Through this awakening, the Brazilian church came to experience an unprecedented moment in its history: for decades it essentially existed for itself with little concern for world evangelization. In the past few years, however, local churches, denominational boards, interdenominational agencies, theological institutions, publishing houses, radio and television, etc. have thrown themselves body and soul into the missionary task. Resident within a country of continental dimensions, the evangelical church of Brazil has become conscious of its enormous responsibility to evangelize those areas in which the yet-unreached are located.

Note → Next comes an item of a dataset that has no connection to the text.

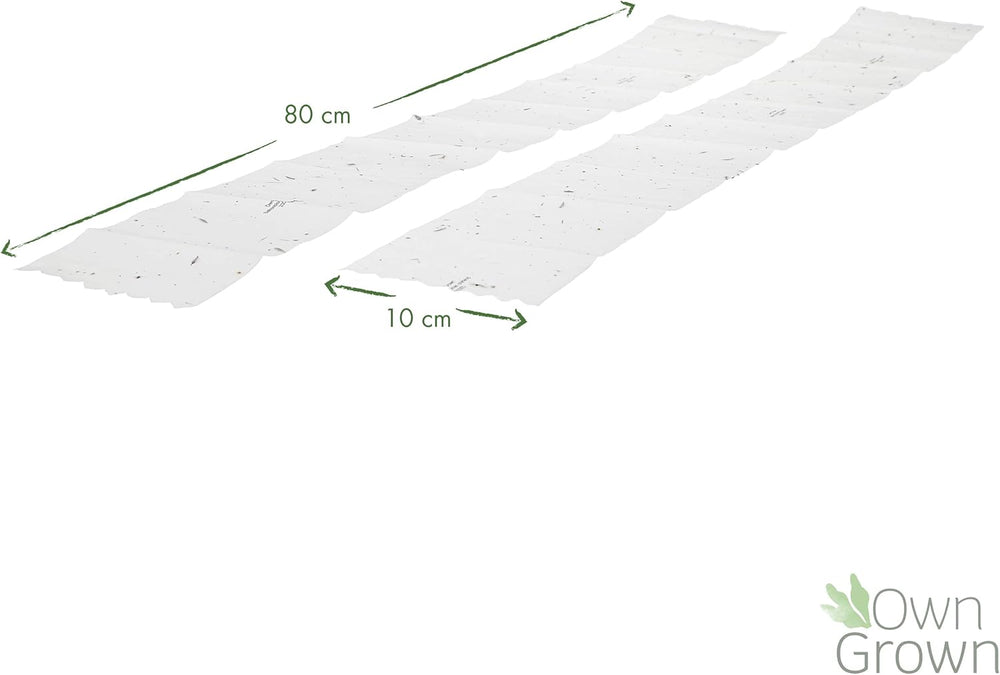 Mélange de fleurs de balcon coloré – 2 tapis de graines de fleurs de balcon de qualité supérieure, faciles à cultiver, fleurs d'été et graines de fleurs sauvages à partir de graines annuelles OwnGrown respectueuses des insectes.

How can we close our eyes to the many indigenous tribes that have not yet heard the gospel? Is it possible to ignore the pressing needs of the draught-ridden backlands of the northeast, a section of Brazil in which spiritual and economic poverty reign? Millions of Brazilian souls continue without the knowledge of Christ! The task within is great! Yet to refrain from looking outward at other unreached peoples would not only be egotistical, but would also demonstrate a lack of commitment to the Word of God.

Although not as vigorous as we would like it to be, cross-cultural missions is a reality in Brazil. There are Brazilian missionary families working in all of the inhabitable continents of the world today. Two thousand Brazilians have left their families, churches, and countries to be sent overseas.

What then are the dreams of the Brazilian evangelical church for the end of this millennium?

  1. Mobilize each local church to maintain an active missions vision such that each city and populace within Brazil receives the gospel and possesses a witnessing church. Simultaneously, these same churches should be training and sending missionaries to other peoples, especially those within the 10/40 window.
  2. Establish an immediate commitment to unity within the evangelical population of Brazil. This will only be possible as the Holy Spirit moves us to maintain the salvation of souls as our priority.
  3. Assume a commitment to thoroughly reach the indigenous tribes of Brazil, principally through translation of the Bible into all dialects.
  4. Lead each Brazilian evangelical to demonstrate a commitment to the whole gospel, meaning that we work toward the end that justice and a Christian ethic be ever more present in the life of Brazilian society.
  5. Use correctly the resources that God has placed in our hands, investing generously in the work of the Lord. Refrain from looking only at ourselves, our denomination, or whatever our institution, but having a wide, encompassing vision of our partnership in His mission, thereby hastening the return of Christ.
  6. Finally, develop strategies so the AD2000 & Beyond Movement becomes a reality in Brazil: a church for every people, and the gospel for every person by the year 2000.

The Brazilian delegation, by its presence here, is making a commitment to God and with History: We will get on God's team, we will enter into the conflict against the enemy, and we will fight as never before in this final century, so that the name of Jesus will be known and victorious, to the ends of the earth!